Instructions to follow: Keep every word the same. Repeat the records without their images.

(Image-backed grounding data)
▬▬▬▬▬▬

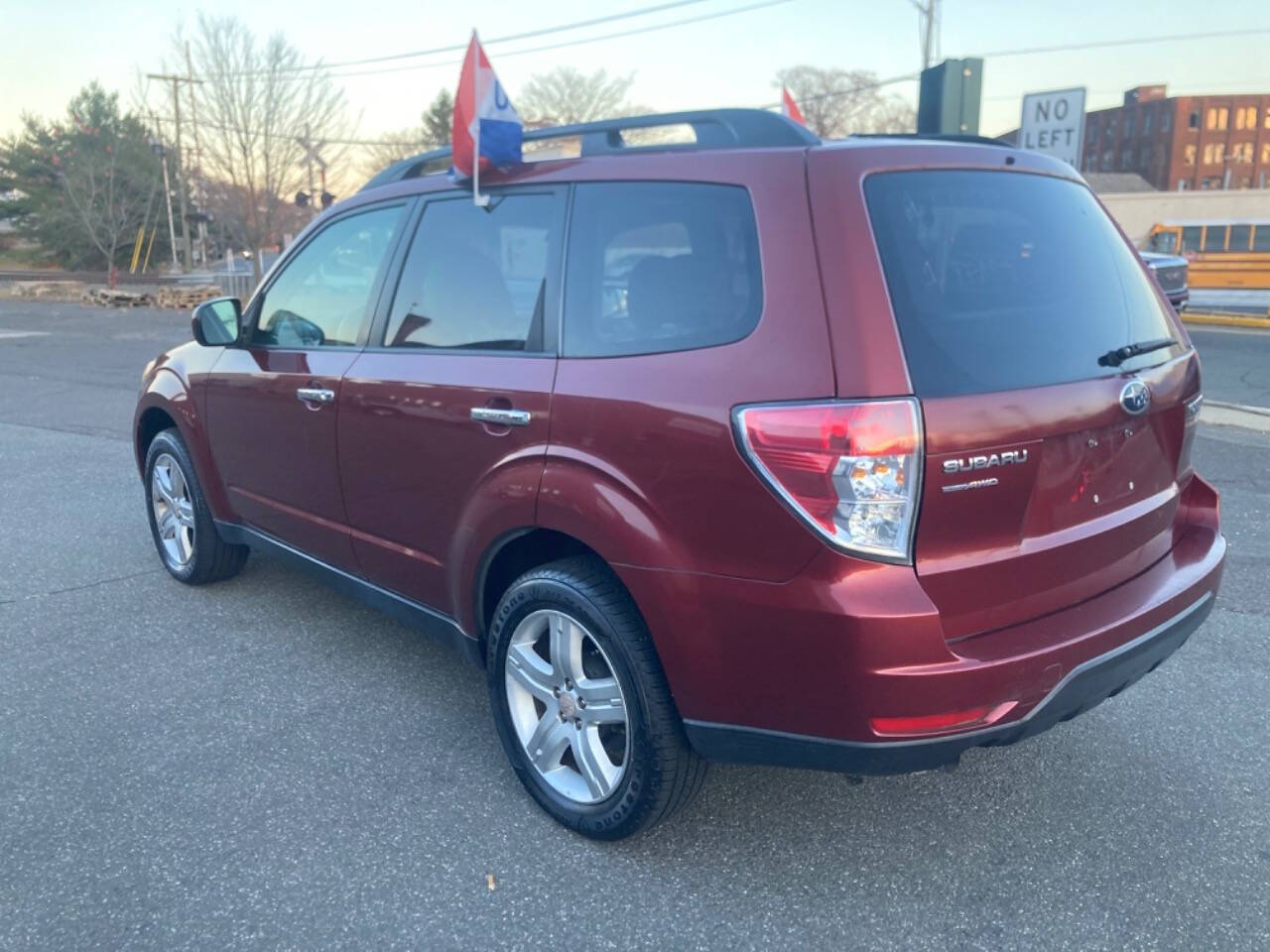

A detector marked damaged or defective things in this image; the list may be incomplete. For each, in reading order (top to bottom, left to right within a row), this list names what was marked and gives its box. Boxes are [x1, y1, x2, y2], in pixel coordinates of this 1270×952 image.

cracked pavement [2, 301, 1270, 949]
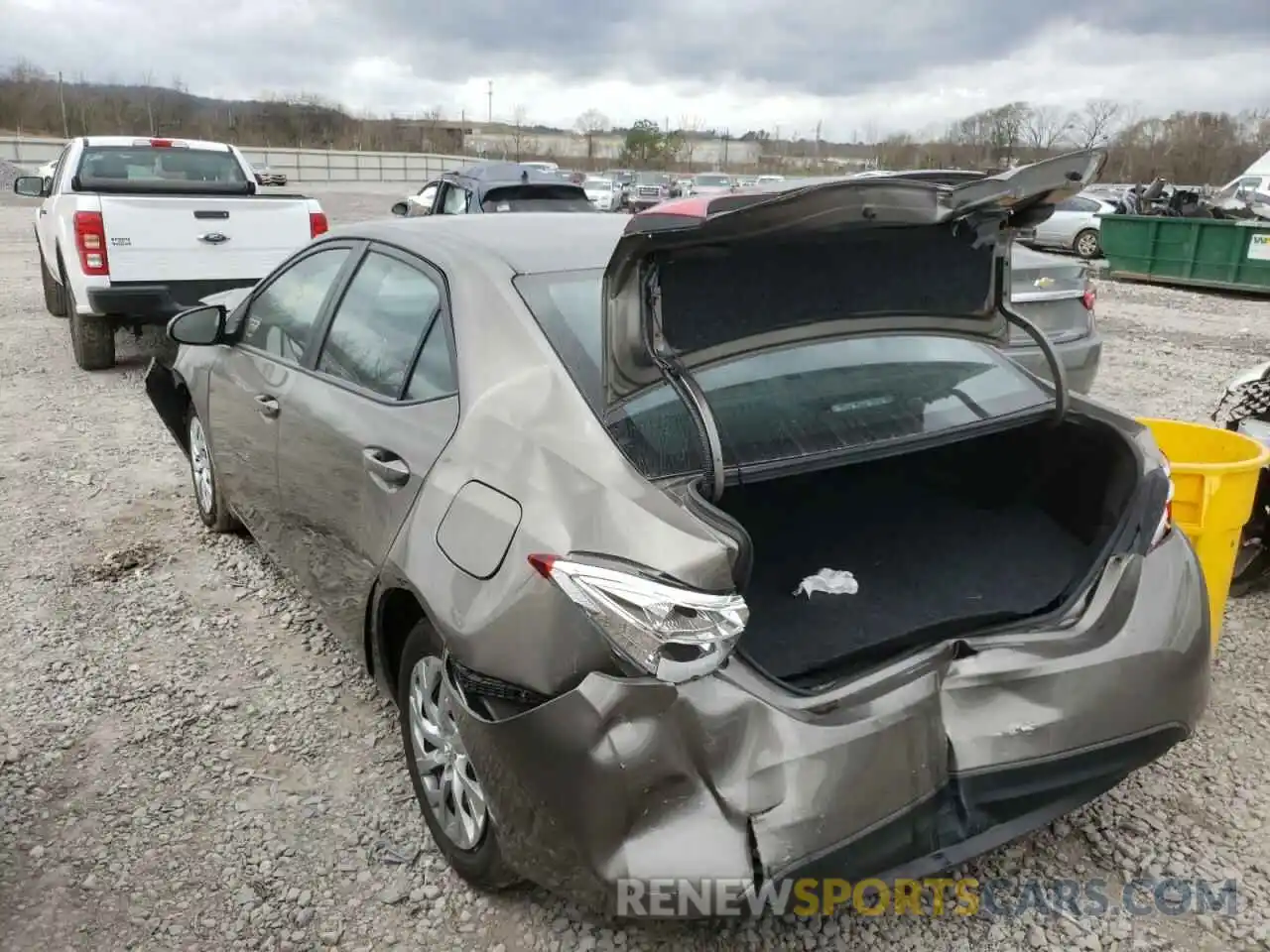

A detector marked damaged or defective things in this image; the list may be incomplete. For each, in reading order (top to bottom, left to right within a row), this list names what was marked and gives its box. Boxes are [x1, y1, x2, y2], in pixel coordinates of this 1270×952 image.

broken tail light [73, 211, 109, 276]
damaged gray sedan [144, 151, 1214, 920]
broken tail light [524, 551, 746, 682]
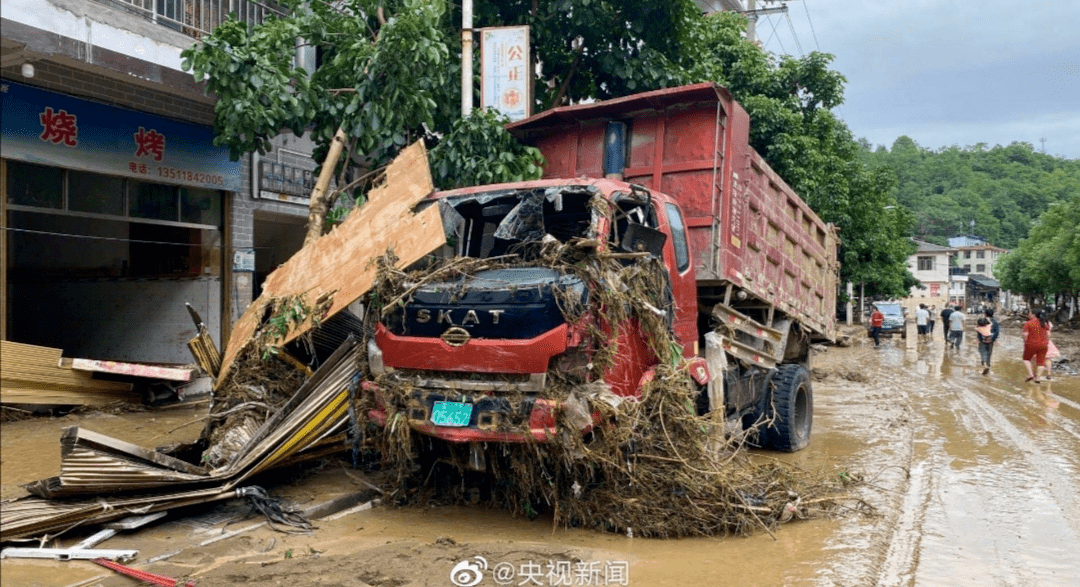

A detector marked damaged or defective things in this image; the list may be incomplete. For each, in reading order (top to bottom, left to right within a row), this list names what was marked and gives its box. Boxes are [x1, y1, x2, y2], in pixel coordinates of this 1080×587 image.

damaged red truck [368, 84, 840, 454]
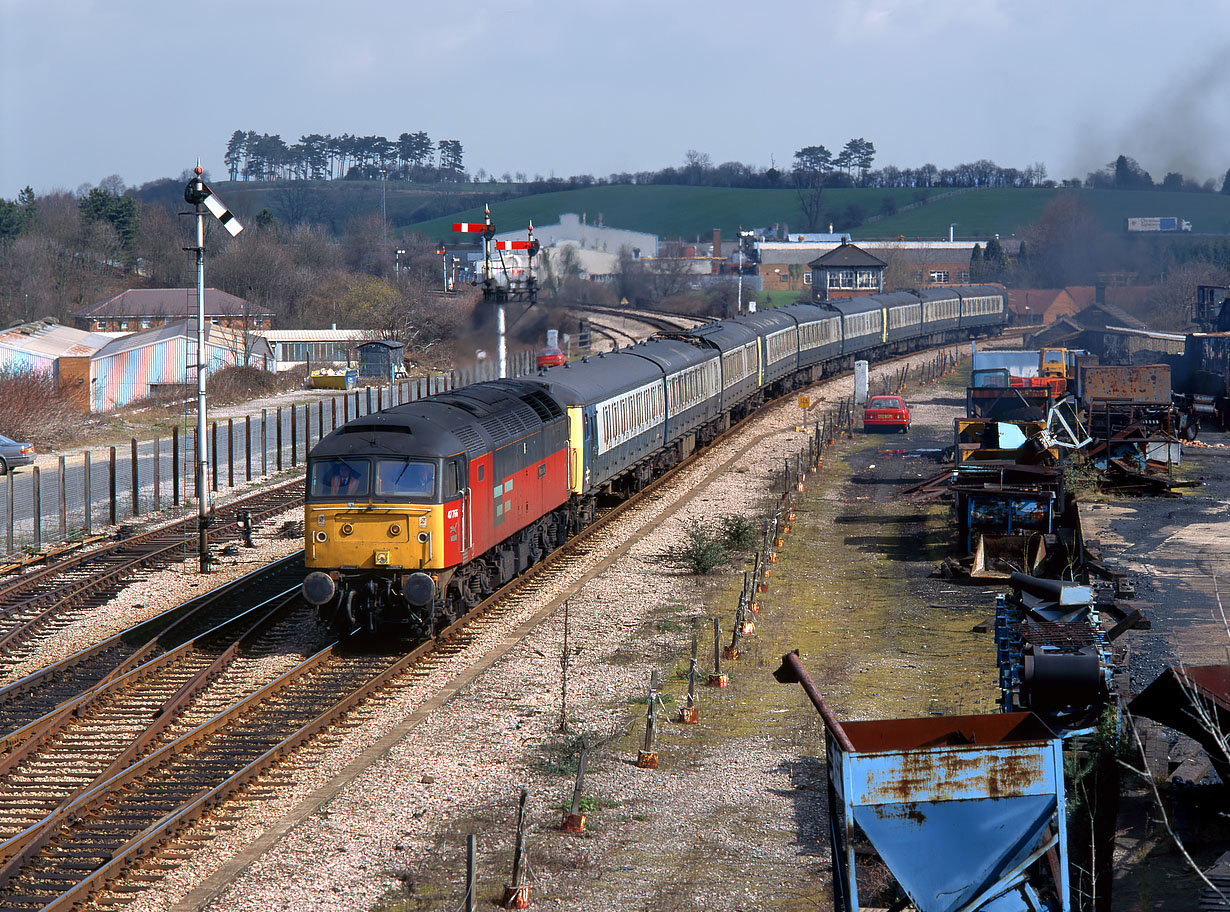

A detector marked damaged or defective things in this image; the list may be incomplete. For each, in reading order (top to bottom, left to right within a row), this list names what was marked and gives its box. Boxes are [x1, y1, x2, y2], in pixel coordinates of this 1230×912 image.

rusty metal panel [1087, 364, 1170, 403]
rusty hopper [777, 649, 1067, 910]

▬▬▬▬▬▬

Output:
A detector marked damaged or defective things in this image; the list may be incomplete. For each, in reading order (top to bottom, left to right within a row), this list names what was marked and gives its box. Boxes are [x1, y1, x2, y2], in pixel coordinates of this 1270×952 image.

cracked pavement [2, 301, 1270, 949]

A detector marked damaged or defective things in this image; the list may be incomplete. For each, in reading order (top to bottom, left to right within a row), this list names what was marked and gives its box. Boxes are [x1, y1, x2, y2], in pixel coordinates of this 1270×952 image.

broken tail light [73, 211, 109, 276]
damaged gray sedan [144, 151, 1214, 920]
broken tail light [524, 551, 746, 682]

A detector marked damaged or defective things in this image; the list may be incomplete. For each, in reading order (top to bottom, left to right within a row), this list names what was marked and gives its box. Boxes are [x1, y1, x2, y2], in pixel coordinates of this 1080×587 image.

damaged red truck [368, 84, 840, 454]

A detector marked damaged or defective things in this image; the list may be incomplete. For each, in reading order (top to bottom, left to right within a row), this list names what was marked and gives its box. Boxes are [x1, y1, x2, y2], in pixel coordinates of this 1230×912 image.

rusty metal panel [1087, 364, 1170, 403]
rusty hopper [777, 649, 1067, 910]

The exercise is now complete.